Page:Michel - La Commune, 1898.djvu/312

La bibliothèque libre.
Cette page a été validée par deux contributeurs.

Le cortège funèbre passait, on entendait des détonations, c’était fini pour cette nuit-là.

Un matin, on m’appelle, nous nous serrons la main croyant ne plus nous revoir ; je n’allai pas loin, seulement jusqu’à un cabinet, sur le carré de la porte. Un homme y était assis, devant une petite table, il commença à m’interroger :

— Où étiez-vous le 14 août ? me demanda-t-il.

Méchamment, je me fis expliquer ce qui avait eu lieu le 14 août, après quoi je lui dis : — Ah ! l’affaire de la Villette ! j’étais devant la caserne des pompiers.

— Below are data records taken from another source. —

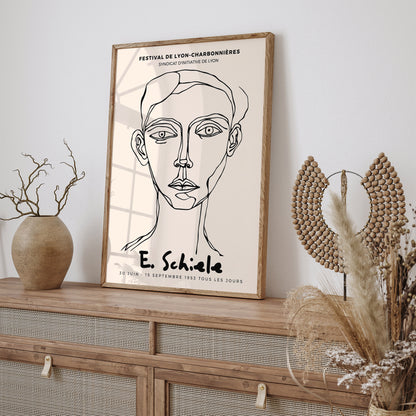 E. Schiele Exhibition Minimalist Art Print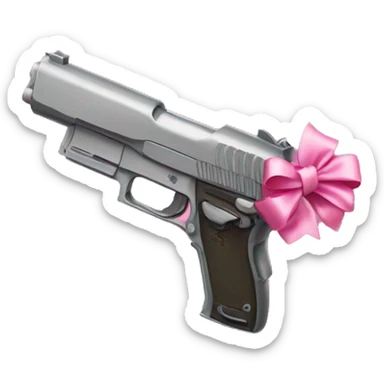 Draco gun with a pink bow on it sticker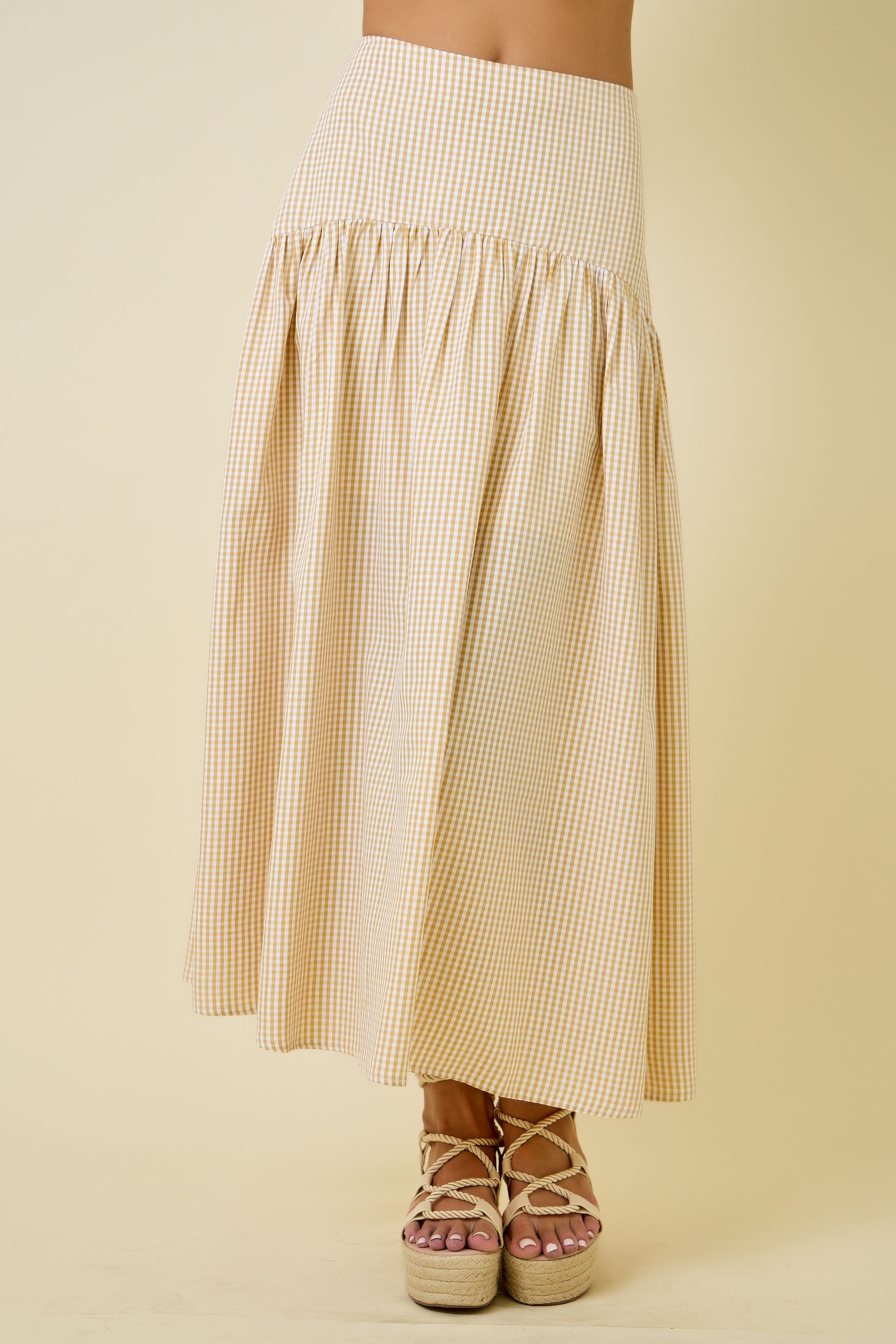 Honey Gingham Midi Skirt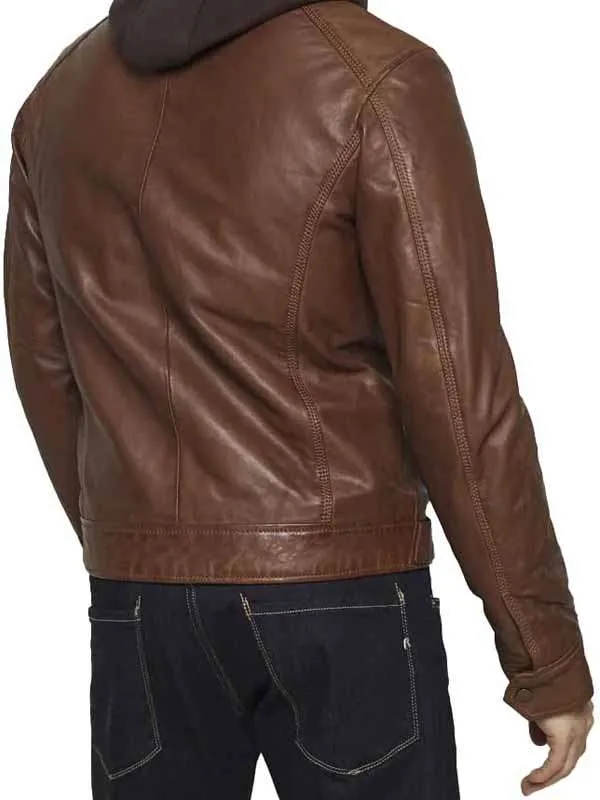 Men Brown Vintage Cafe Racer Motorcycle Jacket - Image 3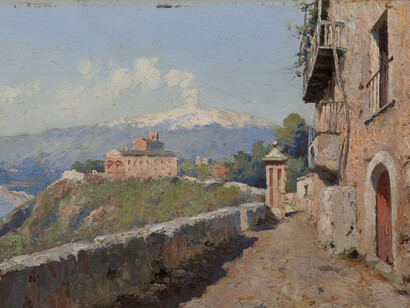 Mario Mirabella
Taormina. Veduta di San Domenico
1898-1910 ca
olio su tela
Collezione Antonello Governale, Palermo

Il écrivait jusque-là, assez poli, je lui répondais de mon côté avec une grande douceur, m’amusant comme une écolière qui peut faire une bonne malice.

— Et à l’enterrement de Victor Noir, vous y étiez ? me dit-il.

Ses joues commençaient à se colorer.

— Oui, répondis-je.

— Et le 31 octobre, et le 22 janvier ? devant l’Hôtel-de-Ville.

— Qu’avez-vous fait pendant la Commune ?

— J’étais aux compagnies de marche.

Il avait de plus en plus rougi de colère, alors écrasant sa plume sur le papier, il dit :

— Cette femme à Versailles !

Toutes furent interrogées, et les unes ayant servi la Commune, les autres étant femmes de fusillés, on nous envoya à Versailles.

Notre file comprenait encore une ou deux de ces figurantes, que nous avions rencontrées à Satory et qui là encore étaient ensemble, mais se tenant mieux. On avait besoin, m’avait dit celui qui interrogeait, de faire voir au grand jour les crimes de la Commune !

C’est pourquoi nous devions, à la prison des Chantiers, retrouver certain membre de ces malheureuses.